Вот тут-то, будь я хоть в сотой доле сведущ в мудрой житейской науке против моего добрейшего знакомого А. А. Потоцкого, я бы должен был ответить, что где же мне, мол, молодому прапорщику сметь судить о генералах, моих начальниках, что, вероятно, им ближе видно, какие меры должно принимать и прочее, что я только рассказал о положении дел на линии, как мне представляется, но что, без сомнения, я по своей неопытности могу ошибаться и т. п., а я сдуру со своими откровенностями.

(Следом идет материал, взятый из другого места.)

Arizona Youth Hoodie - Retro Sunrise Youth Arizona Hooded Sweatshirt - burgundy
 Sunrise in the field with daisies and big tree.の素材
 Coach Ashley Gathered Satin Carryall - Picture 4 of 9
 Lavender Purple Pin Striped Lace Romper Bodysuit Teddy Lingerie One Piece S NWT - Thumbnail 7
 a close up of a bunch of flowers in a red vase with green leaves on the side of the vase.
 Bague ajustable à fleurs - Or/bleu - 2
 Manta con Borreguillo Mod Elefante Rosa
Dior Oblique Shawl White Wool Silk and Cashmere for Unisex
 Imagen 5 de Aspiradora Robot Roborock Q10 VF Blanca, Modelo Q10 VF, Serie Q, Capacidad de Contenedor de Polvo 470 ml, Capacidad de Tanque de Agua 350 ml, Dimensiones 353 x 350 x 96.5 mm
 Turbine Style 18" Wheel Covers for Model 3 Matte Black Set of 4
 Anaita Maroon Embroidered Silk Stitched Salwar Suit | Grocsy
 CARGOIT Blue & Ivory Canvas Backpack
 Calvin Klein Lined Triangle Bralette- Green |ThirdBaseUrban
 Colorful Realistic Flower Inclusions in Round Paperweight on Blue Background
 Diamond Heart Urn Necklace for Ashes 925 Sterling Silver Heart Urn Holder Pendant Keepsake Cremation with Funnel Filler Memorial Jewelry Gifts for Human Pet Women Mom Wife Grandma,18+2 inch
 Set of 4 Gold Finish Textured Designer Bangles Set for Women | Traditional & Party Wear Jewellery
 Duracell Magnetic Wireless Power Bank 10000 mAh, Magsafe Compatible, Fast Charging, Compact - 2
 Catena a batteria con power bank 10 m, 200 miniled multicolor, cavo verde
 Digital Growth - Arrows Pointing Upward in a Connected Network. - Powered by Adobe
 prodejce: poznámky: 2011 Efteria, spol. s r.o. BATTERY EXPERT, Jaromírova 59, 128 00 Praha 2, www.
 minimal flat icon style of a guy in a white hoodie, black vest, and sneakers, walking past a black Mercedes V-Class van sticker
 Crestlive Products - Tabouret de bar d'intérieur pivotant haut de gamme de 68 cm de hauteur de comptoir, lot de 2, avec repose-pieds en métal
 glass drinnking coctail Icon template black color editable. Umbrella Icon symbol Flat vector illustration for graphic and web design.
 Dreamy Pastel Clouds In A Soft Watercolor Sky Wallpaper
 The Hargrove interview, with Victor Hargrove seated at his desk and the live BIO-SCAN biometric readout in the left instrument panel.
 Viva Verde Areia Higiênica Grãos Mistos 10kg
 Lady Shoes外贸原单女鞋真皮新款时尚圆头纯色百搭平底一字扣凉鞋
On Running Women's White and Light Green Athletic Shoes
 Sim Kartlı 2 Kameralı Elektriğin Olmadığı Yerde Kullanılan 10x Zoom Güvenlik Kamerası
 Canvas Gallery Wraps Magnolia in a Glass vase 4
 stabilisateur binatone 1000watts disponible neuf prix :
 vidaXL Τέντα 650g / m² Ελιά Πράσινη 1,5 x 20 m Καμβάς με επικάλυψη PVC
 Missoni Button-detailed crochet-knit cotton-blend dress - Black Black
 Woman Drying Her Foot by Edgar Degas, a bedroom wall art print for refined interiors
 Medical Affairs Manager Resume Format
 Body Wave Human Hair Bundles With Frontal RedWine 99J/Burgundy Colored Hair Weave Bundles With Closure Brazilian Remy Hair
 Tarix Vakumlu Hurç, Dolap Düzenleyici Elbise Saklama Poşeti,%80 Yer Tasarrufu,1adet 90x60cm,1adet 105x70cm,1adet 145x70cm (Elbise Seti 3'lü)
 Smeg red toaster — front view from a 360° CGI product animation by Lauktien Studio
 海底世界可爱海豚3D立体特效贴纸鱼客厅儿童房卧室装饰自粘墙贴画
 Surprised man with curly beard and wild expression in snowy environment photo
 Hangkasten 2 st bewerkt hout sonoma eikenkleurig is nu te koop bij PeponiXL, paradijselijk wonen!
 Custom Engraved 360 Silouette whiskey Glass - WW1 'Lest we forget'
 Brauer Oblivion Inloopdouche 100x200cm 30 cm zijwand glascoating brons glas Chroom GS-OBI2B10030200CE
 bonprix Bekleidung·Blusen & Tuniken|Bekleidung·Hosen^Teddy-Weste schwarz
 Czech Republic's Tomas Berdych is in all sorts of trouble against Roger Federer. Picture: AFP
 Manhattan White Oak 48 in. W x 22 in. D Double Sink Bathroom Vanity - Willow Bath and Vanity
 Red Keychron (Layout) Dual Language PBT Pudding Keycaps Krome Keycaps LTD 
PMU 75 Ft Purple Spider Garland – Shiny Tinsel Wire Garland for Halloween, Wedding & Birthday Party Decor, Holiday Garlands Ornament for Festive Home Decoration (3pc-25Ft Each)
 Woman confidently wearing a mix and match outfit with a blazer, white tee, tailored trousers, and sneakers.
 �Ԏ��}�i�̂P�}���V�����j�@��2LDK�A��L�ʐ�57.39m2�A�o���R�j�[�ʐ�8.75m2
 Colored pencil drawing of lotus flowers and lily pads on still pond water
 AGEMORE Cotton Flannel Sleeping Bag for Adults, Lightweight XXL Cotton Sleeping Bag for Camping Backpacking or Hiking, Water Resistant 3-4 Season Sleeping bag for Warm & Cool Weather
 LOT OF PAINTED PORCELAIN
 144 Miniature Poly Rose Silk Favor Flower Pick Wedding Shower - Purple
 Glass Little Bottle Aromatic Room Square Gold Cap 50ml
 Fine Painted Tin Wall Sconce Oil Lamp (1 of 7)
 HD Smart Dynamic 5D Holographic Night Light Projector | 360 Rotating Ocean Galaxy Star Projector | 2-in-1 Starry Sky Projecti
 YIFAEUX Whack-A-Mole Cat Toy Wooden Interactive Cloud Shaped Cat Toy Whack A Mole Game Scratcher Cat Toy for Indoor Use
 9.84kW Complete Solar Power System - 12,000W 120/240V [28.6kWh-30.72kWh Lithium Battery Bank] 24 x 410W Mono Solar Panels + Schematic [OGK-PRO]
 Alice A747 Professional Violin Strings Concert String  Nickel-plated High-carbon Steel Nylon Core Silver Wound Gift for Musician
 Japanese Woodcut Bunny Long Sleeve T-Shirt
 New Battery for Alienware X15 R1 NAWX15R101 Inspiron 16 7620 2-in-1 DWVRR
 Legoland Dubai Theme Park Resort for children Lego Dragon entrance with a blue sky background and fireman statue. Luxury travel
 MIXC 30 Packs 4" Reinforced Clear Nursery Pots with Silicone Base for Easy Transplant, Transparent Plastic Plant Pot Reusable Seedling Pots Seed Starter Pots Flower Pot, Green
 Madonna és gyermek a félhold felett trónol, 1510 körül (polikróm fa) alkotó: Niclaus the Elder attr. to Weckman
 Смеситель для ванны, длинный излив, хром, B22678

И на последний вопрос я распространился что-то, помнится мне, об излишней снисходительности генерала Чиляева к жителям, употребляющим это во зло, о вреде угроз, никогда не приводимых в исполнение, о слишком большом доверии к так называемым влиятельным туземцам и прочее.
– Очен-ъ, очен-ъ вам благодарен, все это весьма интересно, рад, что познакомился с вами.
Я встал, князь протянул мне концы своих пальцев, я поклонился и вышел. О приглашении к себе на службу ни слова.
Пошел я тотчас дать отчет об этом свидании Илико; он меня подробно расспросил обо всем, что было говорено, и тут же мне сказал:
– Нет, брат, к Аргутинскому ты не попадешь, он таких, которые критикуют действия своего начальства, терпеть не может. А вот я скажу князю Гагарину, не возьмет ли он тебя к себе; его переводят военным губернатором в Кутаис, там ты со знанием грузинского языка можешь быть ему полезен, а человек он благородный, милый, образованный, с ним скорее сойдетесь.
– Однако, что же я в Кутаисе буду делать? В такой мирной стране, где ни экспедиций, ни драк нет, ни отличий, ни наград?
– Это ничего, – сказал Илико. – Если он возьмет тебя в адъютанты, то может просить о прикомандировании тебя на месяц или два к какому-нибудь отряду для участия в делах, как делают все наши адъютанты. Подожди-ка здесь, я сейчас зайду и поговорю с Гагариным.
Через несколько минут позвали меня к князю Гагарину, и после весьма непродолжительного разговора он выразил полное согласие взять меня к себе в адъютанты, когда его переведут в Кутаис, «что, впрочем, еще не решено, – прибавил он. – Когда узнаете, что мое назначение туда состоялось, прямо приезжайте, я вас буду ожидать».
В тот же день я обедал у главнокомандующего: тут были все генералы и начальники частей войск, вся свита князя, вообще человек до двадцати; сидели по-азиатски, на полу, кое-как поджавши ноги. Князь Воронцов был в хорошем расположении духа, много рассказывал и, как теперь помню, заключил следующими словами: «Да, господа, все, что выходит за пределы, нехорошо; даже добродетель, выходящая за пределы, становится пороком»[21].